Vaginal moisturizers rehydrate dry mucosal tissue. They are absorbed into the skin and are used more on a daily basis. They adhere to the vaginal lining and help to reduce vaginal dryness. The effects of moisturizers is long term. They are more needed for women experiencing pain or irritation on a daily basis and not just during intercourse.
So, which lubrication is best? The WHO (World Health Organization) recommends lubrications with an osmolality (or concentration) of somewhere around or less than 380 mOsm/kg. However, anything under 1200 mOsm/kg is acceptable. They recommend this because anything over that will cause epithelial or tissue damage. Some commonly prescribed lubrications such as Astroglide and KY jelly have very high osmolalities and can be very irritating!

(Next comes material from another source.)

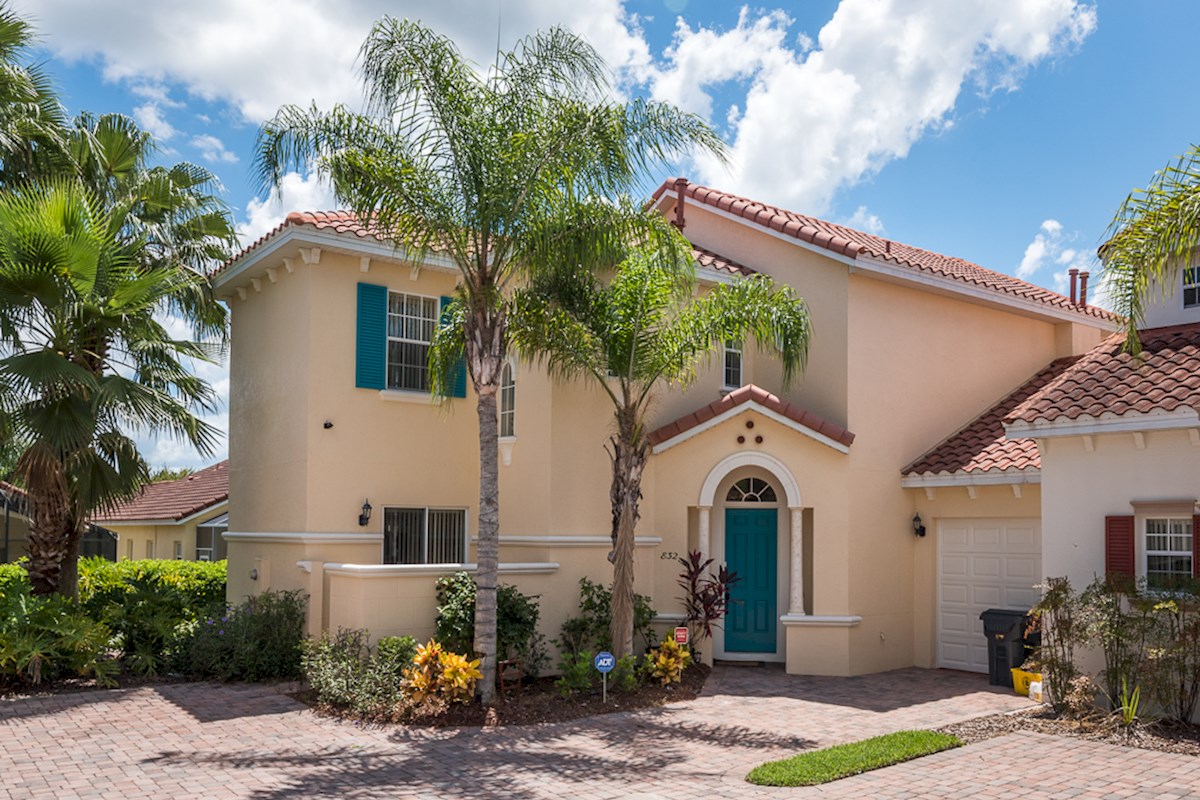 Tuscan Hills Villa Luxury 5 Bedroom 3 Bath Orlando Rental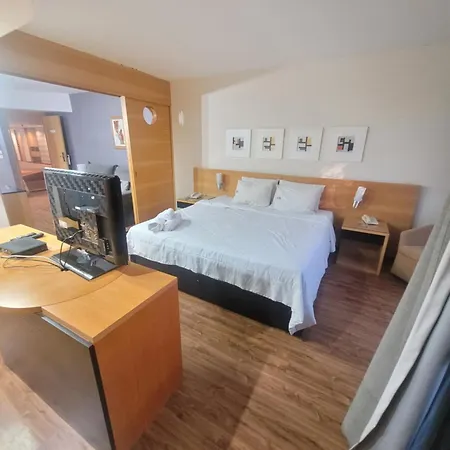 Flat no Golden Tulip By Rei dos Flats-3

Also, the WHO recommends trying to match the pH of the lubrication to the pH environment of the vagina – which is typically a little more acidic from the estrogen (pH 3.8-4.5). The rectal mucosa has a higher pH (more basic than vaginal) and would require a different lubrication which is closer to a pH of 7.0. You want to avoid lubrications that have parabens and microbicides, however its becoming less common to have these ingredients.
Some lubrications that have good osmolalities and pH include:
Good Clean Love has the best overall osmolality and pH similar to that of the vagina. If you are looking for a silicon-based product which is a little thinner and slicker, uberlube is a good product.
Bottom line is there are many lubrications and moisturizers on the market. You want to find one with a pH around 3.8-4.5 for vaginal use and an osmolality of less than 1200 mOsm/kg. If not listed on the box/bottle, you can always search on the internet for these values.
If you have more questions about correct lubrications and moisturizers, ask your pelvic floor physical therapist for help!